Remapping Caps Lock

I remap the Caps Lock key to be a control key on every computer that I use regularly. Here’s why.

  1. Caps Lock is a nearly worthless key taking up valuable real estate.
  2. I’m more likely to use Caps Lock accidentally than intentionally.
  3. I use the Control key far more often than the Caps Lock key.
  4. The Caps Lock key is in a consistent position on all keyboards but the left Control key isn’t.

Some people swap the Caps Lock and and left Control keys. I prefer to just disable the left Control key. On desktop keyboards, I map the useless Scroll Lock key to act as a Caps Lock key for those rare instances when I actually want to type a long sequence of capital letters.

KeyTweak is a convenient program for remapping a Windows keyboard.

On Linux, you can use the xmodmap utility.The following commands disable the left Control key and turn the Caps Lock key into a control key.

xmodmap -e "remove Lock = Caps_Lock"
xmodmap -e "remove Control = Control_L"
xmodmap -e "keysym Caps_Lock = Control_L"
xmodmap -e "add Control = Control_L"

See Dave Richeson’s comment below for Mac instructions.

Related post:

41 dumb things to check

19 thoughts on “Remapping Caps Lock

  1. To get more use out of the caps-lock key, I’ve remapped it as another modifier key. It’s a bit more involved but you can make it work in both windows and linux (google ‘home row computing’).

    Some things you can do with setup:

    Global vim-like key bindings
    – Map cap+hjkl to arrow keys
    – Map caps+g to pg-up
    – Map caps+b to ctrl+arrow left
    – Map caps+w to ctrl+arrow right
    – etc

    You’ll never need to use your mouse again!

    Cheers.

  2. Another reason for disabling left-control – I got used to hitting it (and scrunching my fingers) until I used Emacs so much I decided to use the registry hack. I still occasionally reach for the old control key and start typing unintentionally in HHHIN CAPITAL LETTERS.

  3. Heh. I use xmodmap on my EeePC to make the SuperL/Windows key into a modifier key used by my WM.

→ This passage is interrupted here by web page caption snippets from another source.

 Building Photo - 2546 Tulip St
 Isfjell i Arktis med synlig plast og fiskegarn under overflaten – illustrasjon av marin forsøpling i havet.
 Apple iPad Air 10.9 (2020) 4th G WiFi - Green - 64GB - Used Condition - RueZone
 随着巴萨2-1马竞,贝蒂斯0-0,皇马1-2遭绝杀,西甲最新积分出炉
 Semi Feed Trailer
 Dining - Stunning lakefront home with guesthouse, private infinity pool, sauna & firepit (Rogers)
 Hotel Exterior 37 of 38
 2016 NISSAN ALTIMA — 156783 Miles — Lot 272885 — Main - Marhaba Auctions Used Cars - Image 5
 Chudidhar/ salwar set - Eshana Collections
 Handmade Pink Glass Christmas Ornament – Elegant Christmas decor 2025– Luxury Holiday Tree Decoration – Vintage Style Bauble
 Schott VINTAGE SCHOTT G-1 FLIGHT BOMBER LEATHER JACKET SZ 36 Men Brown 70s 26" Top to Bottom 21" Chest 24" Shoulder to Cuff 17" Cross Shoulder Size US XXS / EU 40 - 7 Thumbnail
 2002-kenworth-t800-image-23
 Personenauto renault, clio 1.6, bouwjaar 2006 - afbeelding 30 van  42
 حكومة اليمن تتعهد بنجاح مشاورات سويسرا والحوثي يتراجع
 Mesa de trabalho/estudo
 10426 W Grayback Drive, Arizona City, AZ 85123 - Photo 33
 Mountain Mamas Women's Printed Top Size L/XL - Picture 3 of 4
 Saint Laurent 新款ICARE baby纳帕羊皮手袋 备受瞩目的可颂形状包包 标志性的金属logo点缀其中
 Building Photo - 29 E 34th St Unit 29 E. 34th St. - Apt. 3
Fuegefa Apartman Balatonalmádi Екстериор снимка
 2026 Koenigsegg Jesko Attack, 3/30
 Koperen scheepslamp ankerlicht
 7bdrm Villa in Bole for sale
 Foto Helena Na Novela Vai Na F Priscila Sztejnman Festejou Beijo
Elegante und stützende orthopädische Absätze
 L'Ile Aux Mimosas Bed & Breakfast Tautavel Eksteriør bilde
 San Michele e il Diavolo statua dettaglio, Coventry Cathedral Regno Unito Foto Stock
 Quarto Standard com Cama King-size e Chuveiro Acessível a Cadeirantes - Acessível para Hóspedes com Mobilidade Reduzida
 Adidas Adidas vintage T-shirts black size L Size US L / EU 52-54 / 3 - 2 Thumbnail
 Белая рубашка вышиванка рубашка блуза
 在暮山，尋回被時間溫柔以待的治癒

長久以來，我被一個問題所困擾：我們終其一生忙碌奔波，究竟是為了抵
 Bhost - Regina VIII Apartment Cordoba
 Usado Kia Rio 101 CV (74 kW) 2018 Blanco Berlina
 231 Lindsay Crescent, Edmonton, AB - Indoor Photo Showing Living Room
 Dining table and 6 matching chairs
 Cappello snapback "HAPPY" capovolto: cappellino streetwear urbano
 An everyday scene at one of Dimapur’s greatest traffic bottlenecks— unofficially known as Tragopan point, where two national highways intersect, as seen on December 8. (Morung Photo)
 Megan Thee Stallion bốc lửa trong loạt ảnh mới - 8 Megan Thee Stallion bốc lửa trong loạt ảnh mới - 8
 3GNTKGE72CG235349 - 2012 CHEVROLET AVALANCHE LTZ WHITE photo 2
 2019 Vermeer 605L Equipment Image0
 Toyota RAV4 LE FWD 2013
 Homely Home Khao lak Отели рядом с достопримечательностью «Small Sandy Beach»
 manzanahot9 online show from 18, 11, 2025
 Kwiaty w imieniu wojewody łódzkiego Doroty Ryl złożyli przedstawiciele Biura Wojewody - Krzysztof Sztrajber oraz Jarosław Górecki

  4. I map capslock to control as well. In fact it was the first XP device driver I ever wrote, because I was highly motivated. On the rare occasions I’m on my desktop, I use an old 84-key keyboard, which has the control key where God intended it! Can’t imagine what they were thinking when capslock got moved to its current, prominent position.

  5. In Windows, “the useless Scroll Lock key” is sometime useful: you can get a memory dump file of an otherwise unresponsive system using the scroll lock key; see http://support.microsoft.com/kb/244139

    Then the dump file is useful to diagnose the problem (often due to a bugged device driver) using a debugger like windbg.

  6. I also re-map the Caps Lock key to be the Control key. It is one of the first things I do when I get a new computer. It is very easy to do on a Mac:

    Apple menu->System Preferences->Keyboard->Keyboard tab->Modifier keys

  7. I just drop caps lock altogether and leave left control as is. So, I have two control keys.

    remove Lock = Caps_Lock
    keysym Caps_Lock = Control_L
    add Control = Control_L

    I’ve noticed that I like using caps lock as control when I edit text in emacs, a time when I rarely touch the mouse and when both hands are generally glued to the home row on the keyboard.

    On the other hand I have found that I like control in its “normal” spot for other tasks. These “other tasks” tend to be more mouse centric. Like editing a photo in gimp or pasting text in and out of my web browser.

    The downsize to all of this is that remapping keyboards really makes your computer, “your computer”, and as such the computer’s of others tend to be much harder to use. I truly realized this when I once tried the Dvorak mapping.

  8. As a programmer, I use CapsLock for such things as manifest constants, etc. so a swap makes more sense for me. In Ubuntu Linux, I swap the keys from the desktop menu by selecting System -> Preferences -> Keyboard -> Layouts -> Options -> Ctrl key position -> Swap Ctrl and CapsLock

  9. I’m curious what BIOS version that you used for your eeepc while remapping? I recently upgraded my BIOS on my eeepc 1005HA and since then, remapping stopped working. If I run xev I can see that pressing the physical Caps Lock key inhibits additional scan codes from being sent until Caps Lock is released again. This stops remapping since if no scan codes are produced by the BIOS, you obviously can’t remap them. I have confirmed that my remapping stopped working in both Windows and Linux.

    Since I’m a heavy emacs and shell user, and since I have used the control key to the left of the A-key since the original IBM XT computers, this more or less makes my eeepc useless.

  10. On my windows machines I have Cap remapped to Delete, and I love it. I’m a writer and i’m constantly changing words and editing articles, having the delete key under my left pinkie makes life easy. However, I ‘m unable to reconfigure this on a Mac, can you please help. The positioning of the delete key on my Air, top corner causes a slow down in my rate of typing.